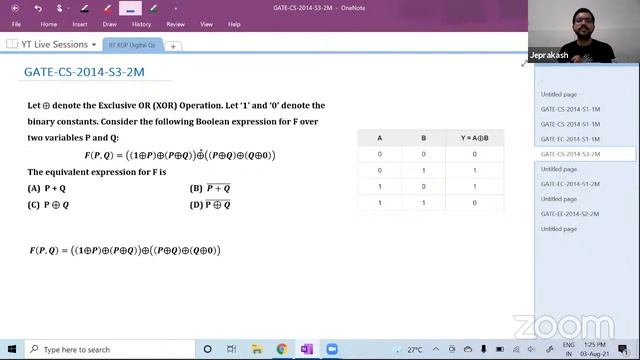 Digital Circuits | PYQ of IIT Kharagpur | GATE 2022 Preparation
* * *
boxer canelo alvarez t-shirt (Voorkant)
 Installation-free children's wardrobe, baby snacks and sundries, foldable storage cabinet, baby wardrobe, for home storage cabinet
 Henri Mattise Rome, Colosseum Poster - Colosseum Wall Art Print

*Description of the task*.
Print only what lies in the material above starting at the line with "Installation-free children's wardrobe, baby" and ending at the line with "Henri Mattise Rome, Colosseum", every line exactly as given.

*Response box*.
 Installation-free children's wardrobe, baby snacks and sundries, foldable storage cabinet, baby wardrobe, for home storage cabinet
 Henri Mattise Rome, Colosseum Poster - Colosseum Wall Art Print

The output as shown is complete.